** Data records **
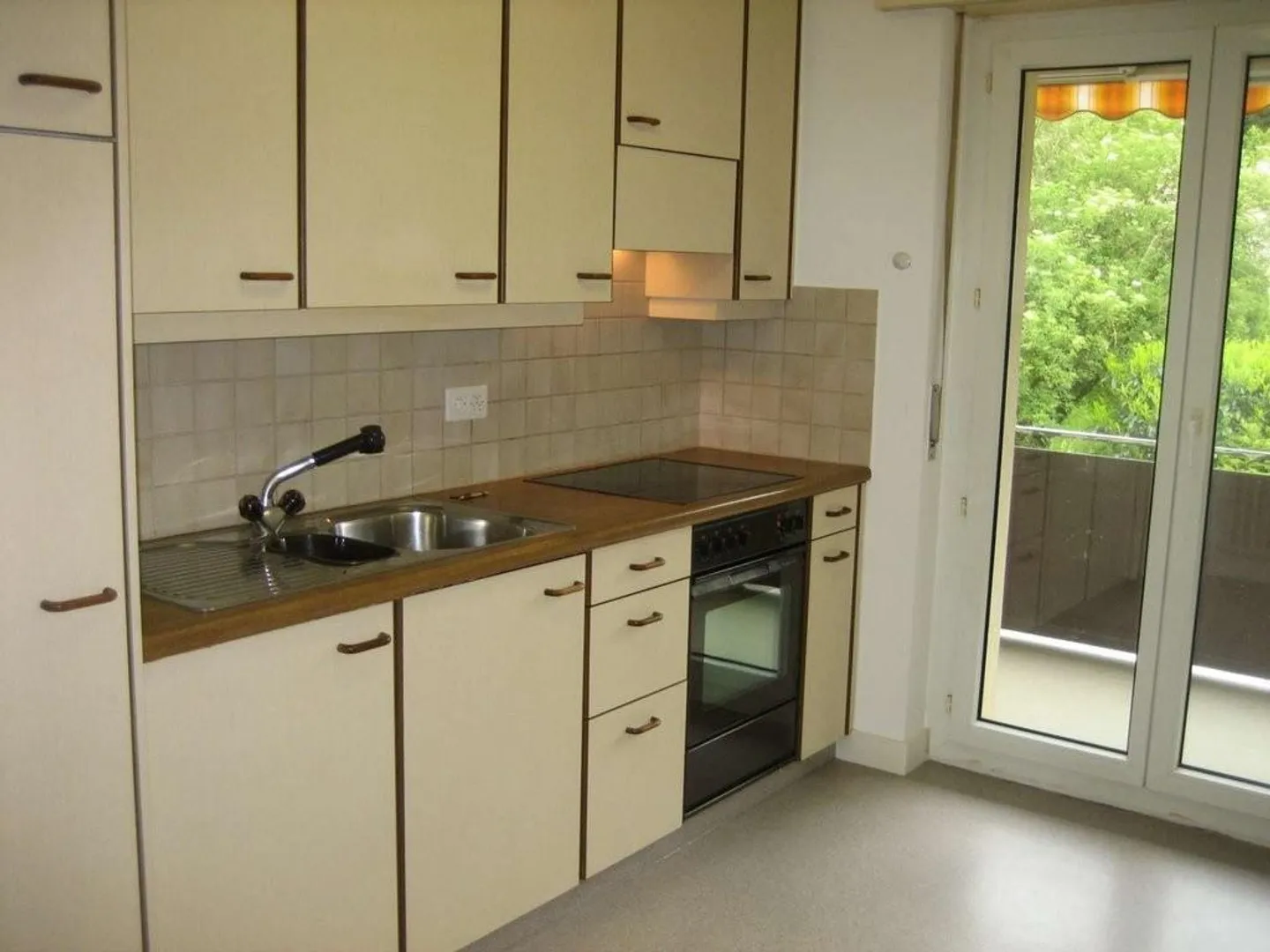 Ruhige Wohnung hofseitig - Foto 2 von 8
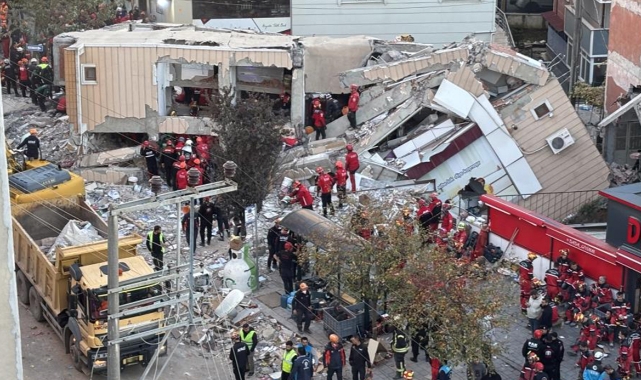 4 kişinin can verdiği enkazdan kahreden kare!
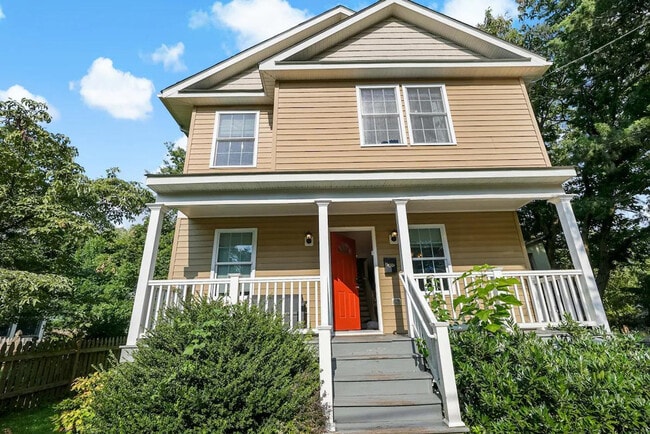 Foto del edificio - 9 S Walter Reed Dr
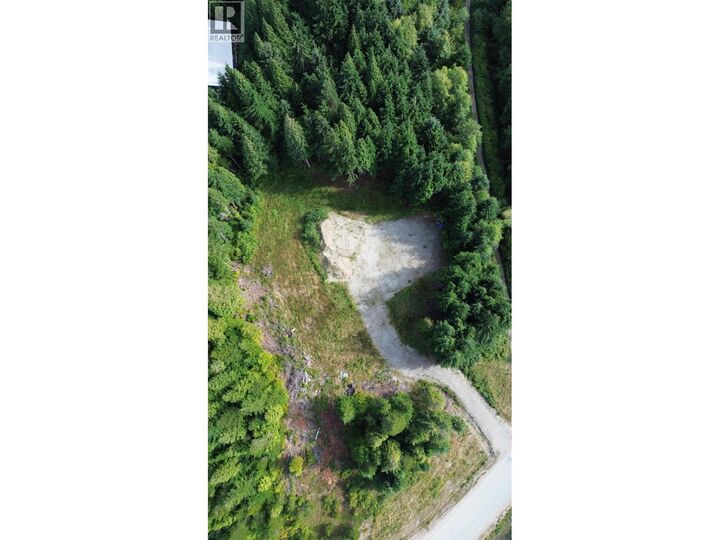 Photo de la propriété:  20 Elderberry Street  BC V8C 0A9 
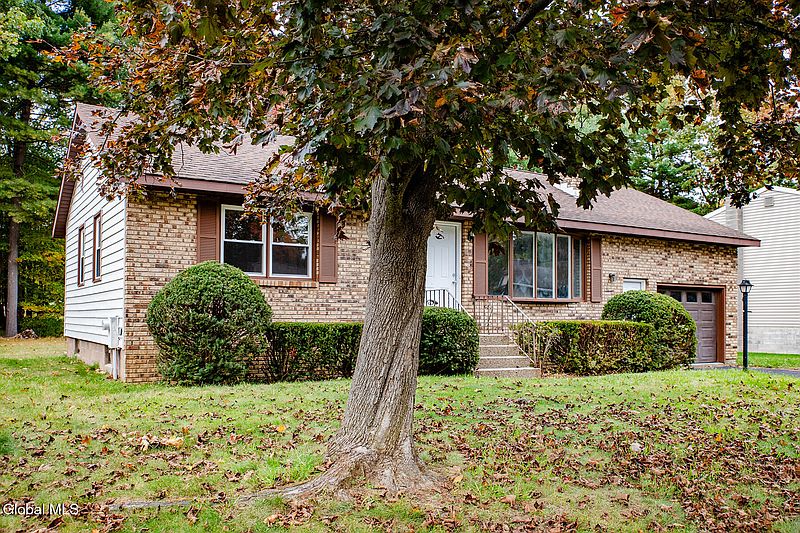 2nd image of 11 Melissa Court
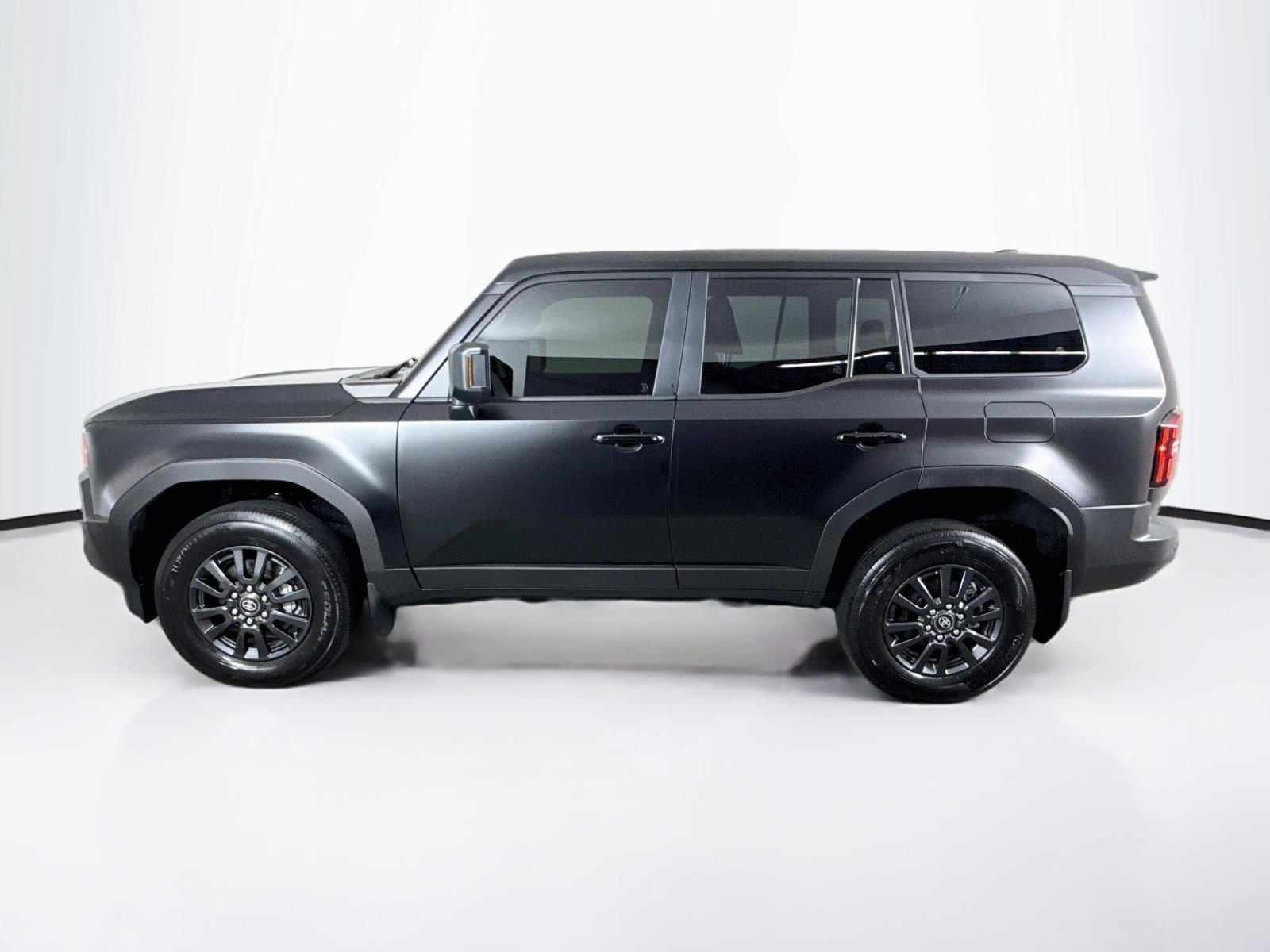 2026 Toyota Land Cruiser photo 2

** Required action **
Exact repetition of each line above is expected; images are to be omitted.

** The completed task **
 Ruhige Wohnung hofseitig - Foto 2 von 8
 4 kişinin can verdiği enkazdan kahreden kare!
 Foto del edificio - 9 S Walter Reed Dr
 Photo de la propriété:  20 Elderberry Street  BC V8C 0A9 
 2nd image of 11 Melissa Court
 2026 Toyota Land Cruiser photo 2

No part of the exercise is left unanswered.